**DIRECTIONS**
Some of the lines below need repeating. Reproduce exactly those between the lines holding "Plus Size Women's" and "Ashdene Quirky Cats Photobomb Cup & Saucer 280ml 1", inclusive.

**DATA RECORDS**
▬▬▬

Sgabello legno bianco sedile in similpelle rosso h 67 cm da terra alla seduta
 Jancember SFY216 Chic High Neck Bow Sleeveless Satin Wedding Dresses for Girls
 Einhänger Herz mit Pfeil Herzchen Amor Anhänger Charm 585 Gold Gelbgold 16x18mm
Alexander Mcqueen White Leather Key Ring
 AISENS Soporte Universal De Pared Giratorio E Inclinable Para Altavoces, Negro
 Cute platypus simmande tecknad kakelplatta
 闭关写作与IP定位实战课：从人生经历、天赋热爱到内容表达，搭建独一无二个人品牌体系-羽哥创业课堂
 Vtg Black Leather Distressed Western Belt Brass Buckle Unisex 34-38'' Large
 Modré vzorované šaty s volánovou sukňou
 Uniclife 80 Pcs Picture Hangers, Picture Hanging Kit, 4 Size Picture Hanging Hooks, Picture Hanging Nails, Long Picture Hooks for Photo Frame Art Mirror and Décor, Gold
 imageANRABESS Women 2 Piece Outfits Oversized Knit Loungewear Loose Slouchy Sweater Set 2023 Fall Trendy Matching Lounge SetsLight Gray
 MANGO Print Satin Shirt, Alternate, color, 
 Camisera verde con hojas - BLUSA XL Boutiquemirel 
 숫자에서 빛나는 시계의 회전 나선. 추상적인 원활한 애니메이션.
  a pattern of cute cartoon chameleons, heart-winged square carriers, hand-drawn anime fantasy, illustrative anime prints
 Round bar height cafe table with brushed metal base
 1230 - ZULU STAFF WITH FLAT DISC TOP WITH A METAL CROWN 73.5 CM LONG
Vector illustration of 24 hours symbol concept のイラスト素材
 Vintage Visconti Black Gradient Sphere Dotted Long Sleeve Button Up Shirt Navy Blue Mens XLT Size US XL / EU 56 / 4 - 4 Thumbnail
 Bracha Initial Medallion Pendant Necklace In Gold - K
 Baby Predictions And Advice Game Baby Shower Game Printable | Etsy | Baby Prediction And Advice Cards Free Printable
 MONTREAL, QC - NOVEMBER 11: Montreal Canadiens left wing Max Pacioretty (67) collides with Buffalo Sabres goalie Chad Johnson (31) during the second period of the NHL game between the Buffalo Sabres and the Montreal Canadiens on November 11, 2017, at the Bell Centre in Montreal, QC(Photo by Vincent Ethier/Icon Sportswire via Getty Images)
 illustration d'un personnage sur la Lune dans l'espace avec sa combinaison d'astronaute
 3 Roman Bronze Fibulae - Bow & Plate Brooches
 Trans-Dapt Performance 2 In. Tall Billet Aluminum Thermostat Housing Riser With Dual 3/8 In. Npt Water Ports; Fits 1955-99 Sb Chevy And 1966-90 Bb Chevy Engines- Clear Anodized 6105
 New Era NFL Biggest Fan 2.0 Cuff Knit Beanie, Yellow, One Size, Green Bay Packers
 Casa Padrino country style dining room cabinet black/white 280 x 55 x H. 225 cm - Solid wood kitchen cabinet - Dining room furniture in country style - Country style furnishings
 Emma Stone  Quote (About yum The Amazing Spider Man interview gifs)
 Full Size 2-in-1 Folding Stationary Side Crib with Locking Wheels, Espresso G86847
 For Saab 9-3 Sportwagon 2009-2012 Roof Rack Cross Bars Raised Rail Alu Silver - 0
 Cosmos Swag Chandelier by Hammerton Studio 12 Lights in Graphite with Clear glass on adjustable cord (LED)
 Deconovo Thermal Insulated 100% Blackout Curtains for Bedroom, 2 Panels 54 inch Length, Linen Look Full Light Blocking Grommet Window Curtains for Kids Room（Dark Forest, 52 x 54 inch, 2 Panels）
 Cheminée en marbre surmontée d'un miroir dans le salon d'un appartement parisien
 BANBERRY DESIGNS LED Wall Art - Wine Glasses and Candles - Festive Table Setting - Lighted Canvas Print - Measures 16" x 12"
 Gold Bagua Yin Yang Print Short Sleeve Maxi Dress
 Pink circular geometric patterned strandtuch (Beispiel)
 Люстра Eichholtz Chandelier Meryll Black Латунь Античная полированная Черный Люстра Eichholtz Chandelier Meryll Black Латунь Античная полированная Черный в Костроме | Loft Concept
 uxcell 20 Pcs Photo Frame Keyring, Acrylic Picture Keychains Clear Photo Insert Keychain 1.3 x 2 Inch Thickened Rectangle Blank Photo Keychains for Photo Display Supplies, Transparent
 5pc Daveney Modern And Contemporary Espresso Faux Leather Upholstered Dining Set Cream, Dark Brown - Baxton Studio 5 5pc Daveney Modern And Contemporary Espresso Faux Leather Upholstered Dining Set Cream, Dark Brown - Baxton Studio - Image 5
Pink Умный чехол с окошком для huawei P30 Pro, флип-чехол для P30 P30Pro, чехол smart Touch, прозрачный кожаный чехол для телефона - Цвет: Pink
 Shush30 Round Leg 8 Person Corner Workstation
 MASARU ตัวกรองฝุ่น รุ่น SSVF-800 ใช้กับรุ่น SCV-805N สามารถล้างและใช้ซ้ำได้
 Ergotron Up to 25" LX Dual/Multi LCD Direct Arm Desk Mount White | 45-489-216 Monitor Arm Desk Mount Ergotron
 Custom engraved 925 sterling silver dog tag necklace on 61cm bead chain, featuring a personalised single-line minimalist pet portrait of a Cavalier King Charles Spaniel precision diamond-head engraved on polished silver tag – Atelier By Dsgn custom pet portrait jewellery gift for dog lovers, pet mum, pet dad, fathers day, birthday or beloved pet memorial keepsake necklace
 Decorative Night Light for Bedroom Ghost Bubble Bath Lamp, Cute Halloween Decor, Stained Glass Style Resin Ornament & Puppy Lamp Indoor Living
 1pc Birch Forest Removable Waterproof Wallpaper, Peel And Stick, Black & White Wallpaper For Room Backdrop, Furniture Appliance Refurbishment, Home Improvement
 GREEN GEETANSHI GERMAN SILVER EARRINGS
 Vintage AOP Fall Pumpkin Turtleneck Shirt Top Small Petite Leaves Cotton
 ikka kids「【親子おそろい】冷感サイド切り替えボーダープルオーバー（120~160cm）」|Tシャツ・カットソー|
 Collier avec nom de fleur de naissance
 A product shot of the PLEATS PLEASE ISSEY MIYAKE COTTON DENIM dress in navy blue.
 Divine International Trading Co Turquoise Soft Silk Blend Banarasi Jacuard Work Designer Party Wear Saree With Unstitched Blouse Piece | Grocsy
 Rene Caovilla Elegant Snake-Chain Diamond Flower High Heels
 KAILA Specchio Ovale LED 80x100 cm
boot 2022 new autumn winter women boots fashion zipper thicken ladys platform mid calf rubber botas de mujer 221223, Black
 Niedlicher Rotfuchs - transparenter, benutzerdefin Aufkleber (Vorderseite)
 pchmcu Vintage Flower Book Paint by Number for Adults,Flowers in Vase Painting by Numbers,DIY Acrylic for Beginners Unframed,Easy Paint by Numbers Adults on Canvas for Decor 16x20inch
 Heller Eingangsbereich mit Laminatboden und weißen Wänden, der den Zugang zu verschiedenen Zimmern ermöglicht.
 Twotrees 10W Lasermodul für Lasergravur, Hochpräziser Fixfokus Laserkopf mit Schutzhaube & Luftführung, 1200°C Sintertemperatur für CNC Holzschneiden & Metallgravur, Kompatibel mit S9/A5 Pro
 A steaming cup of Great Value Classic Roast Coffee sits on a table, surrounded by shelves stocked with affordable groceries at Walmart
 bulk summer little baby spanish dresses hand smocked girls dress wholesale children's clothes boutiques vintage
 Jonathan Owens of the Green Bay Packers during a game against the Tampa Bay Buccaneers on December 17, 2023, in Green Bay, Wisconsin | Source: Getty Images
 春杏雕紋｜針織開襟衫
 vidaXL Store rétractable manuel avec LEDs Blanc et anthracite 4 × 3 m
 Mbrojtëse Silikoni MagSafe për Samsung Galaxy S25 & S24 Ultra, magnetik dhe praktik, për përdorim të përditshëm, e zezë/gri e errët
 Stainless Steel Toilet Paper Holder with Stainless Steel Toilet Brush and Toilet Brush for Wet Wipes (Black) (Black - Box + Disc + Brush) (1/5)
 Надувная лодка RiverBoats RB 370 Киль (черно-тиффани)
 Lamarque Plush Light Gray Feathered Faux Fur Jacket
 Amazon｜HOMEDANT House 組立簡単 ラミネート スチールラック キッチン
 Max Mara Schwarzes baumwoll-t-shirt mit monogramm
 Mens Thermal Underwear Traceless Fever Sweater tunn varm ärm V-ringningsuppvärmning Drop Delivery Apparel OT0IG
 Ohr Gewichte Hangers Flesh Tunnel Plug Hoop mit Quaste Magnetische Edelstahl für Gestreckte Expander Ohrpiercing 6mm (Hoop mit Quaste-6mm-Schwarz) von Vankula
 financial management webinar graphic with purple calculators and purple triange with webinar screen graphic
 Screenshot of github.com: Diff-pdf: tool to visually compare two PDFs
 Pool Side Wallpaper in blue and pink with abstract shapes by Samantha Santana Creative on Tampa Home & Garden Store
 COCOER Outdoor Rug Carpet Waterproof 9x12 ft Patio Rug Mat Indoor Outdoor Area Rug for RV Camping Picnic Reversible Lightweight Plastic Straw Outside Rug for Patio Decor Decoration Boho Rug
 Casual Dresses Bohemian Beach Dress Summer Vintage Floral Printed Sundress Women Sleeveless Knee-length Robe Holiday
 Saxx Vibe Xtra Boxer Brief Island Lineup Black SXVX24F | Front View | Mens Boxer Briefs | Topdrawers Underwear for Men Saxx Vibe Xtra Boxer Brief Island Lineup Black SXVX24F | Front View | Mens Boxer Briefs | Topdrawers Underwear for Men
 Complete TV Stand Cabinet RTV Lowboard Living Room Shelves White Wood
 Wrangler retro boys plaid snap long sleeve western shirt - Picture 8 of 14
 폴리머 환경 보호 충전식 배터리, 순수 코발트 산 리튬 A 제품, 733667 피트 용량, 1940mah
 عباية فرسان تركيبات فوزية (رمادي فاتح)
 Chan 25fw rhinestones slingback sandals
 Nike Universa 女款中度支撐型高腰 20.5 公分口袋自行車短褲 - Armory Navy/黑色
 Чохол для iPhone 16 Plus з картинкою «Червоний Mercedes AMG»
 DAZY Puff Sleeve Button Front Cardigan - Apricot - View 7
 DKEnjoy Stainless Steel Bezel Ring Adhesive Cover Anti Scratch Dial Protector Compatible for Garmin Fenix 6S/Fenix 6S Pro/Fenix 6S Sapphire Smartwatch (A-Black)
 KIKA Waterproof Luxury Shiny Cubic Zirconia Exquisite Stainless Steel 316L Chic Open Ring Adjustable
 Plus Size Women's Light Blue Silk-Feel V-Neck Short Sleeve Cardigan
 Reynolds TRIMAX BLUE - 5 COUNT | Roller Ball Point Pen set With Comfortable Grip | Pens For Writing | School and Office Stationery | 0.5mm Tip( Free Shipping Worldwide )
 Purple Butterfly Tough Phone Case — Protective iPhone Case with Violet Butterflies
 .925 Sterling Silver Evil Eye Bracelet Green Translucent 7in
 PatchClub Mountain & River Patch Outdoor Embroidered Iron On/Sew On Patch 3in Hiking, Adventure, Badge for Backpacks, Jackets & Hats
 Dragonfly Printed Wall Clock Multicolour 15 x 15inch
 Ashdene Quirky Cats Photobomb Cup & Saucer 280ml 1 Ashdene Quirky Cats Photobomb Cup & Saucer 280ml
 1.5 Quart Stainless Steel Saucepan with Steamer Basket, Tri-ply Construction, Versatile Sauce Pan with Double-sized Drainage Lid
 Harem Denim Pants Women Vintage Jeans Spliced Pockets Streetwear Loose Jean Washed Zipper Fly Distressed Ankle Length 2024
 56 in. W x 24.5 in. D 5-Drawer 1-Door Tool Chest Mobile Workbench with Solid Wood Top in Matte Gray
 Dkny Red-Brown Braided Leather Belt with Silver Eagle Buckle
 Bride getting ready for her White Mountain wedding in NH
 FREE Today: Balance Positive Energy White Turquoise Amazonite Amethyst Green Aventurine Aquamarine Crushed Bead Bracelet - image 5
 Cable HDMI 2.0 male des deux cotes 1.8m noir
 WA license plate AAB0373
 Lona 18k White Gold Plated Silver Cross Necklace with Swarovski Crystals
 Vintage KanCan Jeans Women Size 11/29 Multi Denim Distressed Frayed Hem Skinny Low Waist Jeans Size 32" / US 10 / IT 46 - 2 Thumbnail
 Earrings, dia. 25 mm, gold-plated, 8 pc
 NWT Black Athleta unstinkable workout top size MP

▬▬▬

**SOLUTION TO THIS TASK**
 Plus Size Women's Light Blue Silk-Feel V-Neck Short Sleeve Cardigan
 Reynolds TRIMAX BLUE - 5 COUNT | Roller Ball Point Pen set With Comfortable Grip | Pens For Writing | School and Office Stationery | 0.5mm Tip( Free Shipping Worldwide )
 Purple Butterfly Tough Phone Case — Protective iPhone Case with Violet Butterflies
 .925 Sterling Silver Evil Eye Bracelet Green Translucent 7in
 PatchClub Mountain & River Patch Outdoor Embroidered Iron On/Sew On Patch 3in Hiking, Adventure, Badge for Backpacks, Jackets & Hats
 Dragonfly Printed Wall Clock Multicolour 15 x 15inch
 Ashdene Quirky Cats Photobomb Cup & Saucer 280ml 1 Ashdene Quirky Cats Photobomb Cup & Saucer 280ml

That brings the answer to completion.